» Work order
Leaving the pictures aside, repeat each line below exactly.

(Extracted material)

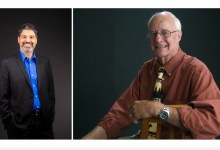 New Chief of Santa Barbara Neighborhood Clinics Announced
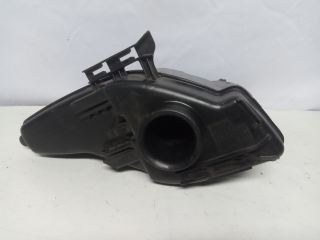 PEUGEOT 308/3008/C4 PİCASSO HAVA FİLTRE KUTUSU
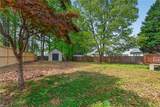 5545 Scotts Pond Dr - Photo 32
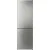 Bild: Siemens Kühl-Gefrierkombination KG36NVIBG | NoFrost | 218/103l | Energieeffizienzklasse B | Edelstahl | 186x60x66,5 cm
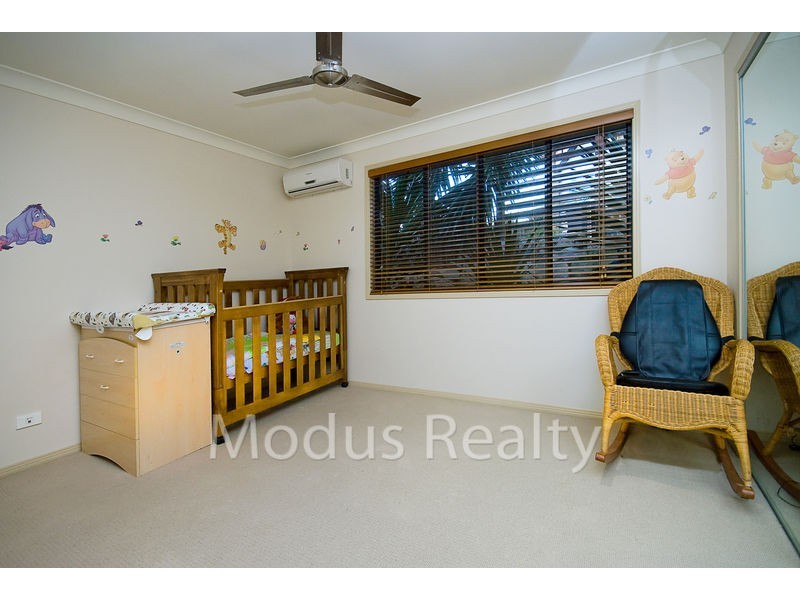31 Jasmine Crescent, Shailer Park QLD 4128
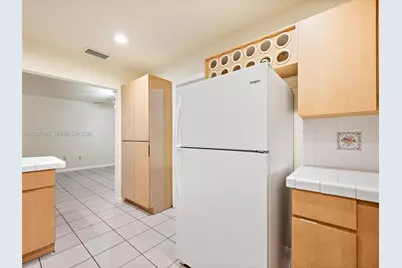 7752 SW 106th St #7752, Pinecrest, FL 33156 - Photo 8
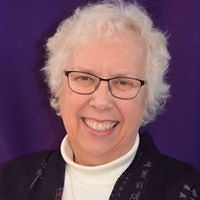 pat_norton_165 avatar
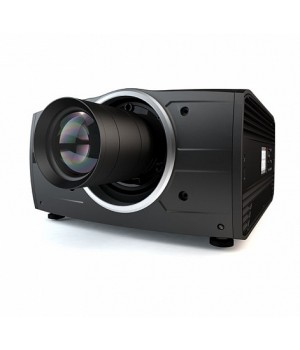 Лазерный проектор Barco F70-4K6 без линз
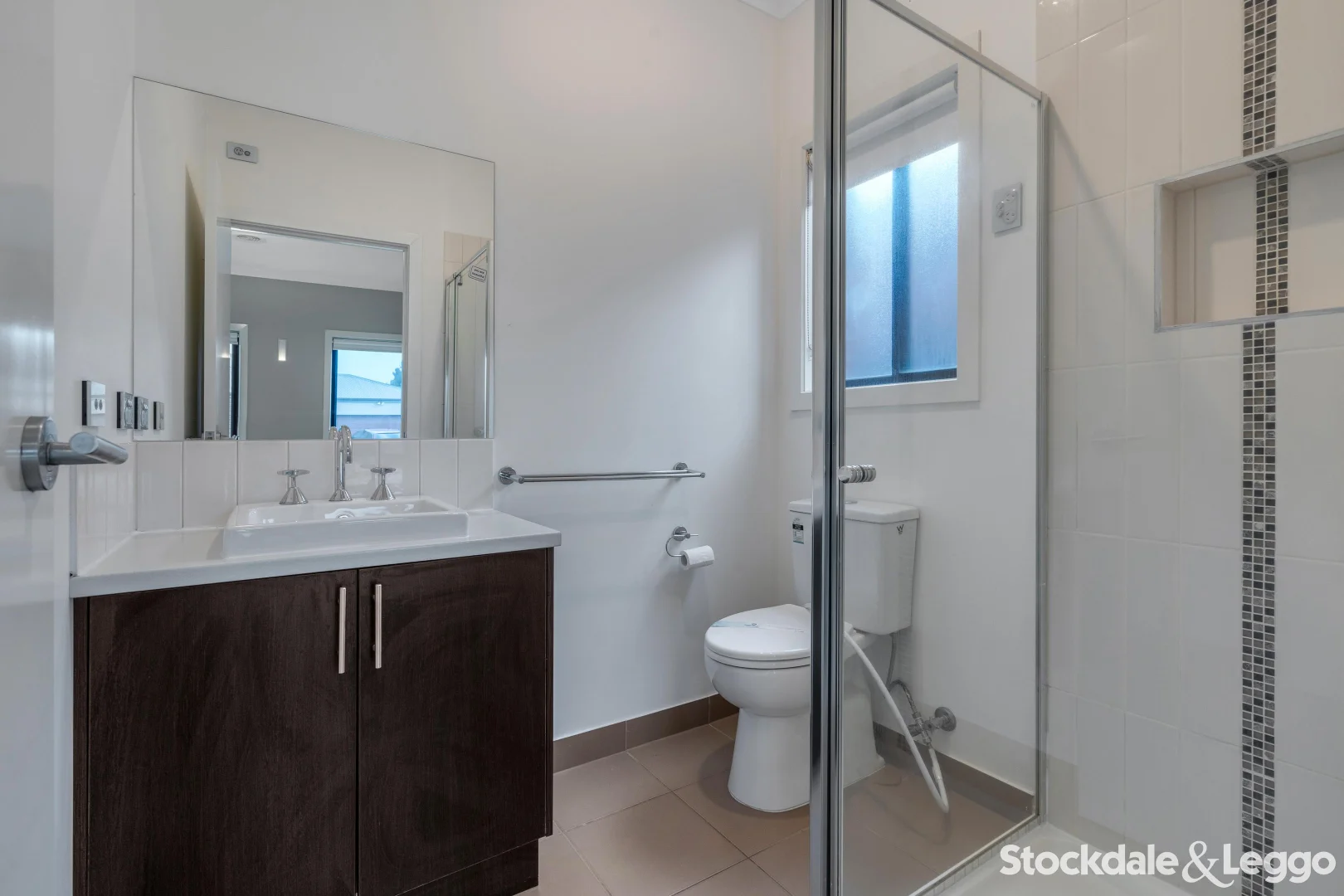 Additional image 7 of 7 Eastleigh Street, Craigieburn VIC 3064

(End Extracted material)

» Task result
 New Chief of Santa Barbara Neighborhood Clinics Announced
 PEUGEOT 308/3008/C4 PİCASSO HAVA FİLTRE KUTUSU
 5545 Scotts Pond Dr - Photo 32
 Bild: Siemens Kühl-Gefrierkombination KG36NVIBG | NoFrost | 218/103l | Energieeffizienzklasse B | Edelstahl | 186x60x66,5 cm
31 Jasmine Crescent, Shailer Park QLD 4128
 7752 SW 106th St #7752, Pinecrest, FL 33156 - Photo 8
 pat_norton_165 avatar
 Лазерный проектор Barco F70-4K6 без линз
 Additional image 7 of 7 Eastleigh Street, Craigieburn VIC 3064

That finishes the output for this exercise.